More recent methods have moved away from this 2D approach and instead focus on fusing based on 3D information. One approach is to refine image-based 3D detections with associated radar data [8]. This can be sub-optimal because it discards the possibility of radar-only detections. Another approach is to project 3D regions of interest (ROIs) to the image and BEV plane to extract features from each sensor [48]. Finally, cross-attention has been used to align and fuse the features in 3D [10], [49]. In this work, we propose a novel architecture to fuse radar and camera data on the BEV plane.

3 RC-BEVFusion↩︎

In this section, we describe our proposed model architectures. We start by giving an overview of the general fusion architecture, before providing more detail on the proposed radar encoders, the camera-only networks we use as baselines and the loss function.

3.1 Overview↩︎

In this work, we introduce a novel radar branch and use it as a plug-in module on different camera-based 3D object detection networks to improve their performance. The prerequisite for our proposed radar-camera fusion is that the camera-only network uses BEV features as an intermediate representation. The general architecture is shown in Figure 1. The block marked in grey is inherited from an exchangeable camera-only baseline, while the block marked in blue shows our proposed radar plug-in module.

First, BEV features are extracted from the images and the radar point cloud separately. To this end, a backbone network is used to extract features from each image before they are transformed into joint BEV features with a view transformer. We set up our radar encoder so that it creates BEV features in the same shape and geometric orientation as the camera BEV features. The features are then fused by concatenation followed by a 1\(\times\)​1 convolutional layer that reduces the embedding dimension to the original dimension of the camera BEV features. We can then use the same BEV encoder and 3D detection heads that are used in the respective camera-only network, introducing little overhead with our fusion.

3.2 Radar encoders↩︎

Figure 2: BEVFeatureNet radar encoder. The radar detections are mapped to BEV grid cells for augmentation and restructuring into a dense tensor. After applying a simplified PointNet, the encoded features are remapped to the BEV grid.

We propose two radar encoders, RadarGridMap and BEVFeatureNet, which we explain in the following. They each consist of two stages: First, we create a regular, structured BEV grid from the sparse radar point cloud. Then, we apply a convolutional backbone that further encodes the BEV features.

3.2.1 RadarGridMap↩︎

Inspired by [30], we design a hand-crafted radar BEV grid. We map each detection to a cell on the grid and fill the cell with four channels: the number of detections per cell, the maximum RCS value, and the minimum and maximum signed compensated Doppler values.

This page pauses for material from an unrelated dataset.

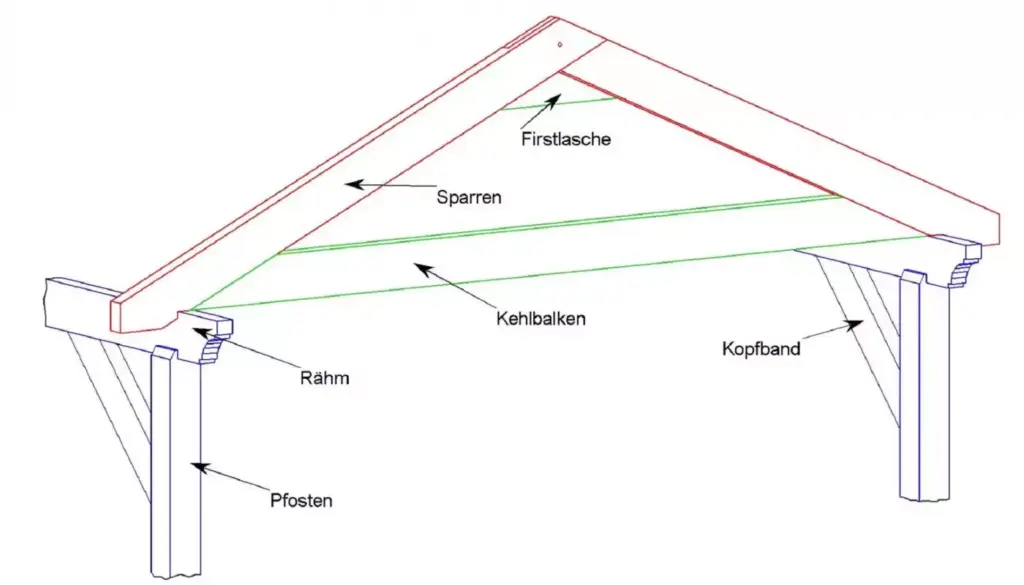 Begriffe der Hölzer beim Satteldach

After the grid mapping, we use a small generalized ResNet [50] as our radar backbone. We use 16 layers grouped into residual blocks with BatchNorm and ReLU. We use two downsampling stages that double the channels but reduce the resolution of the BEV grid. We design the size of the BEV grid so that the output of the radar backbone has the same shape as the camera BEV features.

3.2.2 BEVFeatureNet↩︎

The BEVFeatureNet illustrated in Figure 2 is inspired by the pillar feature encoding of PointPillars [32], but adapted for radar data. First, we map each point of the radar point cloud to a cell in a predefined BEV grid. In the original pillar feature encoding, each point in the LiDAR point cloud has coordinates \(x\), \(y\), and \(z\), and reflectivity \(r\). Further, the point is augmented with the distances to the arithmetic mean of all points in its pillar, \(x_c\), \(y_c\), and \(z_c\) and the offsets to the pillar center \(x_p\) and \(y_p\). The 2+1D radar point cloud in nuScenes [11] does not have a \(z\)-coordinate or a reflectivity \(r\), but instead it has a radial velocity \(v_d\), measured via the Doppler effect, and an \(\mathrm{RCS}\). We therefore discard the \(z\)-axis and its augmented feature, replace the reflectivity with the \(\mathrm{RCS}\), and include the radial velocity values. We further aggregate multiple radar sweeps and append the timestamp difference to the latest sweep \(t_s\) to each point. Thus, we obtain the 9-dimensional feature set: \[\Vec{F} = [x, y, \mathrm{RCS}, v_d, t_s, x_c, y_c, x_p, y_p]\] As in [32], we then use a set of non-empty BEV grid cells \(B\) with a fixed number of points per cell \(N_p\) to create a dense tensor of size \((F, B, N_p)\). If the number of non-empty BEV grid cells or the number of points per cell is lower or higher than the fixed number, we apply zero-padding or random sampling, respectively. For each point, we then apply a simplified PointNet [51] with a 1\(\times\)​1 convolutional layer followed by BatchNorm and ReLU resulting in a tensor of shape \((C, B, N_p)\), before a max operation over the points per cell reduces the dimension to \((C, B)\). We then map the \(C\)-dimensional features back to their position on the BEV grid. Finally, the same convolutional backbone as for RadarGridMap is applied.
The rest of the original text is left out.